AppLovin has quietly built one of the most profitable AI software platforms in the public markets. The core thesis is simple: AXON, the company's proprietary AI advertising engine, is expanding beyond its proven mobile gaming foundation into e-commerce — a transition that could dramatically expand the total addressable market and re-rate the stock.
The fundamentals are exceptional. Q1 2026 revenue hit US$1.84 billion, up 59% year-over-year, with net income of US$1.21 billion — a 65% net margin. Adjusted EBITDA margins are guided at 84-85%, among the highest in software. With US$6.16 billion in trailing revenue, 88% gross margins, and earnings growing at 21% per year, this is a compounding machine.
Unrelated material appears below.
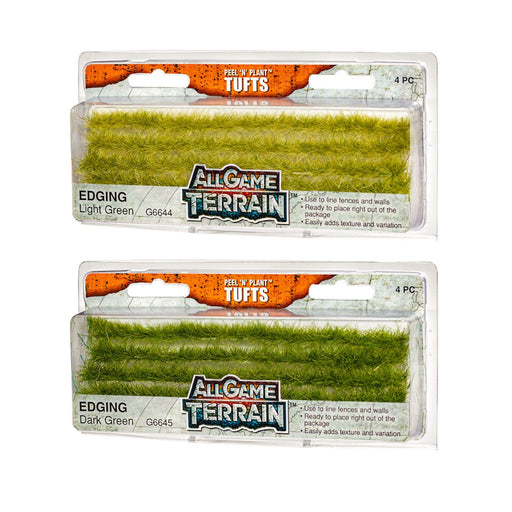 All Game Terrain Peel 'N' Plant Tufts Edging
The next catalyst is the June 2026 AXON self-serve launch for e-commerce advertisers globally. Mobile gaming validated the model — advertisers see strong ROI, AppLovin captures the spread. E-commerce is a much larger pond. BofA estimates e-commerce currently represents just 5% of Q1 revenue. Even modest penetration of this vertical could add billions in incremental revenue at near-zero marginal cost.
The company is also buying back its own stock aggressively — US$1 billion in Q1 2026 alone — which signals management conviction that the stock is cheap at current levels.
Independent Valuation: US$625 Base Case
Rather than relying on the SWS DCF model, here is a first-principles earnings bridge. TTM earnings stand at US$3.91 billion. At analyst consensus growth of 21% per year, that reaches US$10.2 billion by 2031. Applying a 25x P/E — appropriate for a high-margin software compounder that is past peak hypergrowth — implies a US$255 billion market cap. Discounted back five years at 12% (reflecting the 148% debt-to-equity ratio and 2.37 beta), the base case intrinsic value is approximately US$625 per share, representing 27% upside from today.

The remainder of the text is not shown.